Centralized virtual currencies are generally purchased from the platform they’re utilized on. For instance, in-game currency is usually purchased either from within the game itself, or through its website. Decentralized virtual currencies, however, are slightly more versatile, and can be bought and sold on cryptocurrency exchanges just like regular stocks and securities.
To get started, create an account on a cryptocurrency exchange. Though some allow full access to the platform’s features without any identification, most exchanges today require users to complete a KYC (Know Your Customer) process to prevent illegal transactions and money laundering.
Though not all cryptocurrencies are available for trade on every exchange platform, most popular tokens, like Bitcoin and Ethereum are universally listed.

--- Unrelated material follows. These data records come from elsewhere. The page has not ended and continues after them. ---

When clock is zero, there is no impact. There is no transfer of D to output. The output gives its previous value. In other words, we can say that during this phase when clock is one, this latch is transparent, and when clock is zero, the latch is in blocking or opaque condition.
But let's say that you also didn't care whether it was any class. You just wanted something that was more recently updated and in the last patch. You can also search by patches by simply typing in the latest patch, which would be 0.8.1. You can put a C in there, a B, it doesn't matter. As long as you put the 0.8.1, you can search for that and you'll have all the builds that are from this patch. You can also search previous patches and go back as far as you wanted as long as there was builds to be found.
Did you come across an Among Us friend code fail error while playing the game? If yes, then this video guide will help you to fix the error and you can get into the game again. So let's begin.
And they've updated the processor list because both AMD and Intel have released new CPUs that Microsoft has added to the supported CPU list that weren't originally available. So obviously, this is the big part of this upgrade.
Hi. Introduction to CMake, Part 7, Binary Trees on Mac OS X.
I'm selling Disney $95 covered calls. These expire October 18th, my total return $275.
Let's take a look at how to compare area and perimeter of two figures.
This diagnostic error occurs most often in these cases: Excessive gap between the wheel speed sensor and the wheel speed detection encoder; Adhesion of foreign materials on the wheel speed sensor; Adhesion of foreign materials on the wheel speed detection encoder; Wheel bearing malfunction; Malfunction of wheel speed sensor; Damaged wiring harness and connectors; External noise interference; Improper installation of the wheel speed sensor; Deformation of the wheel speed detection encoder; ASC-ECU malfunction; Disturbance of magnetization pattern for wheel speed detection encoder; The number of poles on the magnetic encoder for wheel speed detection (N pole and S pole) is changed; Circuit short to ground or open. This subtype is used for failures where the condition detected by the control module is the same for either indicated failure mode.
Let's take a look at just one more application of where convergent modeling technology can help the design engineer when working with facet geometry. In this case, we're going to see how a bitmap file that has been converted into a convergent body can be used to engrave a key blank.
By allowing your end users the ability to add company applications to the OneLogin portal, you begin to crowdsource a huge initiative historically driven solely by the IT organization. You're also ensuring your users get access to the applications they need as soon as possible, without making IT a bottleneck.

Additionally, one way of purchasing decentralized virtual currencies without using an exchange is through physical machines such as Bitcoin ATMs. These ATMs allow anyone to buy or sell a limited range of cryptocurrencies at a physical location, including (in some cases) cash withdrawal functions when selling.
Is Virtual Currency Replacing Paper Money?
Bitcoin has inspired a slew of offspring cryptocurrencies and financial products over the past decade. Central banks are realizing how essential it is to remain competitive in the financial realm. According to global trends, at least 81 countries that represent more than 90% of global GDP are exploring CBDCs, of which 14 have tested pilots, 16 are in the development phase, and over 30 are neck-deep in research.
Proponents of CBDCs consider them to be a defining transformation in the history of money. As markets become increasingly diverse, reserve banks around the globe are rethinking the very nature of money, encouraging bankers to stop thinking about what a currency is and start imagining what a currency can be.
The weakening of physical currencies seems inevitable, but even digital assets and CBDCs going mainstream might not mean the end for them. Though the odds seem stacked in favor of virtual currencies, most nations view central bank currencies as a complementary form of money in response to the growing digital currency market, and do not necessarily see it replacing the existing infrastructure.